Work order: Output the opening lines of the records exactly. End with the line that contains "Metz. Source: Official".

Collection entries
┌──

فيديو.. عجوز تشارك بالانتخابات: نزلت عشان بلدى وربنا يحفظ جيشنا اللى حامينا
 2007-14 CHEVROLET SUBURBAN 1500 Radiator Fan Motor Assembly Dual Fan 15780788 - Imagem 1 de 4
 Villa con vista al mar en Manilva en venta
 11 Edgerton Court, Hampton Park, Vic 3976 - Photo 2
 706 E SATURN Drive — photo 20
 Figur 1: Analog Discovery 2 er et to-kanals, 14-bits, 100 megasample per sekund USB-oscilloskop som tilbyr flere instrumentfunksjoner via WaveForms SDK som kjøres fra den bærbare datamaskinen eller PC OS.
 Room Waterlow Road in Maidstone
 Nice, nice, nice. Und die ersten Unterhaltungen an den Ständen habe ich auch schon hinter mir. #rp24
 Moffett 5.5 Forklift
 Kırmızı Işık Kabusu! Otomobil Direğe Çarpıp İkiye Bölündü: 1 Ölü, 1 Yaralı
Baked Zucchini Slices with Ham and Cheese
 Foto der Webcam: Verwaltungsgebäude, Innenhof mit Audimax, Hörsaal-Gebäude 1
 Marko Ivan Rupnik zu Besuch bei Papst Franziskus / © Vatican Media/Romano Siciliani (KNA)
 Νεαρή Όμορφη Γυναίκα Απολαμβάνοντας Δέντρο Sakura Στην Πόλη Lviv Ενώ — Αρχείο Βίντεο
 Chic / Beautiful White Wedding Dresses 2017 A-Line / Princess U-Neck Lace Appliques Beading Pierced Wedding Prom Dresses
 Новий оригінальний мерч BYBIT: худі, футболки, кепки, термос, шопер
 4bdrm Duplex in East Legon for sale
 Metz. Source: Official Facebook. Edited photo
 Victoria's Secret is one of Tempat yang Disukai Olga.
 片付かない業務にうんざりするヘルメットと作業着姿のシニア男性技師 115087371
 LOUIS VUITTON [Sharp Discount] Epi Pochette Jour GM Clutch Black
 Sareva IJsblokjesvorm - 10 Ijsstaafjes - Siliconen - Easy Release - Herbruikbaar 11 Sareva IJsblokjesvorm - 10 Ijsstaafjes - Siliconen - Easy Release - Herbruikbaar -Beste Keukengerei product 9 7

└──

Answer box:
فيديو.. عجوز تشارك بالانتخابات: نزلت عشان بلدى وربنا يحفظ جيشنا اللى حامينا
 2007-14 CHEVROLET SUBURBAN 1500 Radiator Fan Motor Assembly Dual Fan 15780788 - Imagem 1 de 4
 Villa con vista al mar en Manilva en venta
 11 Edgerton Court, Hampton Park, Vic 3976 - Photo 2
 706 E SATURN Drive — photo 20
 Figur 1: Analog Discovery 2 er et to-kanals, 14-bits, 100 megasample per sekund USB-oscilloskop som tilbyr flere instrumentfunksjoner via WaveForms SDK som kjøres fra den bærbare datamaskinen eller PC OS.
 Room Waterlow Road in Maidstone
 Nice, nice, nice. Und die ersten Unterhaltungen an den Ständen habe ich auch schon hinter mir. #rp24
 Moffett 5.5 Forklift
 Kırmızı Işık Kabusu! Otomobil Direğe Çarpıp İkiye Bölündü: 1 Ölü, 1 Yaralı
Baked Zucchini Slices with Ham and Cheese
 Foto der Webcam: Verwaltungsgebäude, Innenhof mit Audimax, Hörsaal-Gebäude 1
 Marko Ivan Rupnik zu Besuch bei Papst Franziskus / © Vatican Media/Romano Siciliani (KNA)
 Νεαρή Όμορφη Γυναίκα Απολαμβάνοντας Δέντρο Sakura Στην Πόλη Lviv Ενώ — Αρχείο Βίντεο
 Chic / Beautiful White Wedding Dresses 2017 A-Line / Princess U-Neck Lace Appliques Beading Pierced Wedding Prom Dresses
 Новий оригінальний мерч BYBIT: худі, футболки, кепки, термос, шопер
 4bdrm Duplex in East Legon for sale
 Metz. Source: Official Facebook. Edited photo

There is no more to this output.